Wir schlagen deshalb vor, das Bundesamt für Naturschutz mit einem Gutachten zu betrauen. Dies sollte auch im Sinne der Landesregierung sein.
Dabei sollten auch alternative Schutzmodelle mitbedacht werden.

So kommt z. B. das Naturmonument, das nach der Definition der IUCN eigentümliche natürliche und kulturelle Merkmale enthält, der Einzigartigkeit und Struktur des Siebengebirges sehr nah.
In ganz Deutschland existiert bisher kein Naturmonument, so dass sich hier die Möglichkeit böte, mit der Einstufung des Siebengebirges als erstes Naturmonument Deutschlands Neuland zu betreten, so wie es einst auch erstes Naturschutzgebiet Deutschlands war.

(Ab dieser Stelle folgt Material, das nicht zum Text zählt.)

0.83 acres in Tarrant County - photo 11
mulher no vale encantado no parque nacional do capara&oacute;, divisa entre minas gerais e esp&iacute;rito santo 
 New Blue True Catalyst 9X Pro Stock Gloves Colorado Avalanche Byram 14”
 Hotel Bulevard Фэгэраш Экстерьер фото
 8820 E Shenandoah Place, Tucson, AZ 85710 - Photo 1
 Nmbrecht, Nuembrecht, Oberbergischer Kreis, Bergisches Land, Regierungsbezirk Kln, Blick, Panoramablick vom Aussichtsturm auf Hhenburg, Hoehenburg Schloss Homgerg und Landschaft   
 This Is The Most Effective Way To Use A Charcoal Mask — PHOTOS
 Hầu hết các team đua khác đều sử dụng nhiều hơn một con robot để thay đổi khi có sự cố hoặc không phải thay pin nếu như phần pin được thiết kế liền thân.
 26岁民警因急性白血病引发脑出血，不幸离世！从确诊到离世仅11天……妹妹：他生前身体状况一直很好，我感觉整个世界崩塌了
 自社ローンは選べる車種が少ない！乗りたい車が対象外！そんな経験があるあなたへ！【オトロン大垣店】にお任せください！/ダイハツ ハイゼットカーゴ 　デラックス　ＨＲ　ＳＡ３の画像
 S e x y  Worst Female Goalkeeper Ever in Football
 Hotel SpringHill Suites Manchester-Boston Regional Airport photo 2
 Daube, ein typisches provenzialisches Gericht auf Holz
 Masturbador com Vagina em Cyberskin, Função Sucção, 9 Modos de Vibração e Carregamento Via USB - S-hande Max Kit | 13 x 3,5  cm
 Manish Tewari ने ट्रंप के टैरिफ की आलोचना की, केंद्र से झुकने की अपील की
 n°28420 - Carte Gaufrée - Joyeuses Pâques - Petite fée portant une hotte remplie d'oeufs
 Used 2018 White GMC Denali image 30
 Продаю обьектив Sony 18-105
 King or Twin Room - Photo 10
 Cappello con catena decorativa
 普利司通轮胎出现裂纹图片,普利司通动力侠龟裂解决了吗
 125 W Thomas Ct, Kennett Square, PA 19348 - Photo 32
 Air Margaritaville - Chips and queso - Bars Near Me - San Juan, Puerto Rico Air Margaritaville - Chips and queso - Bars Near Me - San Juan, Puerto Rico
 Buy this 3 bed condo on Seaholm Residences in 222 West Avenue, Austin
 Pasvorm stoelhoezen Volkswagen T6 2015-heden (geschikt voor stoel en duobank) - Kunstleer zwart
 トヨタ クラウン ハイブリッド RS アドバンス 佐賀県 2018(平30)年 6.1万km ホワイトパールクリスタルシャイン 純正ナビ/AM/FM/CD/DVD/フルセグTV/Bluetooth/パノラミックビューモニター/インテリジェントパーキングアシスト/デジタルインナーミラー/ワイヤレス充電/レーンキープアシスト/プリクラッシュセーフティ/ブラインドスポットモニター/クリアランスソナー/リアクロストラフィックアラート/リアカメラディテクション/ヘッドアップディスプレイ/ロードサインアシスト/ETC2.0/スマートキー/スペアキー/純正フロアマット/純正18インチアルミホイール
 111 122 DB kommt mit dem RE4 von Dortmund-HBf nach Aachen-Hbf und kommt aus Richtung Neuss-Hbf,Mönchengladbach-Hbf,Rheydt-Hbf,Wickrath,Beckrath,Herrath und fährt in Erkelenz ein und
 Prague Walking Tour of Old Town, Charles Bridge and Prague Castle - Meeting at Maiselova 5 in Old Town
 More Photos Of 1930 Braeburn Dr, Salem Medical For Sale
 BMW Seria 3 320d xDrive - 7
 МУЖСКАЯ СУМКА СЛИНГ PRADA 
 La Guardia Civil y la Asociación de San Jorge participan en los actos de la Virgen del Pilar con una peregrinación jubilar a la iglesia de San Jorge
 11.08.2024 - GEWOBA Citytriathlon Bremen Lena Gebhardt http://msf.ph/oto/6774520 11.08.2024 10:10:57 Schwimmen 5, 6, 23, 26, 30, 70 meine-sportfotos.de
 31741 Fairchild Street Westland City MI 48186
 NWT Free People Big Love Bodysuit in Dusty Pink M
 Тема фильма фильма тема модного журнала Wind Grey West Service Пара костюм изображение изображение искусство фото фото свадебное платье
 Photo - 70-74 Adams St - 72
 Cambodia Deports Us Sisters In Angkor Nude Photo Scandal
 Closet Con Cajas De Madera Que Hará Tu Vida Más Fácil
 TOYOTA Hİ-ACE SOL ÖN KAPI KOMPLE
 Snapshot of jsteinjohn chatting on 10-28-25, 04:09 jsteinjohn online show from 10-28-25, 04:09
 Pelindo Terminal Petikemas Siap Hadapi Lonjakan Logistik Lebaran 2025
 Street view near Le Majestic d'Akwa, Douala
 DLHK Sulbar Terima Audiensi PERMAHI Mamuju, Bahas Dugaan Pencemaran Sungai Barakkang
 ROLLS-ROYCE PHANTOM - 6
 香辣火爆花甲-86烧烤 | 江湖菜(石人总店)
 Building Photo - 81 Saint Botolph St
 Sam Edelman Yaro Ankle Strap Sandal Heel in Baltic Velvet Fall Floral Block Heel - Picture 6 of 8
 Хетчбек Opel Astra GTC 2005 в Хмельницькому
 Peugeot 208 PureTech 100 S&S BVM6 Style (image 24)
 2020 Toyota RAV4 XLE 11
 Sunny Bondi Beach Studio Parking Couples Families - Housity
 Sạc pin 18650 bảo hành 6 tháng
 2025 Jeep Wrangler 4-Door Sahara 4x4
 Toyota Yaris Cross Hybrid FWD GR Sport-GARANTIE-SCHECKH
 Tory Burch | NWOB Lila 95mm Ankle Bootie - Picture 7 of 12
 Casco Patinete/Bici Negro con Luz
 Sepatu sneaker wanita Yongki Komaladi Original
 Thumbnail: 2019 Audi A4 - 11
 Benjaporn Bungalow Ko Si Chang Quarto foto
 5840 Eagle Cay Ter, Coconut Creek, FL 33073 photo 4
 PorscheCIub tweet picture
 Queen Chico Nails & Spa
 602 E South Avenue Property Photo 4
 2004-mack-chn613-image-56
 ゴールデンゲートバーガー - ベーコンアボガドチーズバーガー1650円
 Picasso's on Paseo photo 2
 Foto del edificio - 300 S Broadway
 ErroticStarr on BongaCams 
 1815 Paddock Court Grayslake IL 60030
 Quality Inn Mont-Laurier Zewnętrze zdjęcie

In jedem Fall könnte das Land dem Naturschutz im Siebengebirge den Rücken stärken, wenn es die Forstbehörden und engagierten Vereine bei der Umsetzung ihrer Aufgaben mit ausreichend Mitteln ausstatten würde. Dazu bedarf es nicht des Labels "Nationalpark", sondern schlicht des konkreten Handelns.
Die Einführung eines Etikettenschwindel, der letztlich dem Gedanken des Naturschutzes schadet, lehnen wir ab.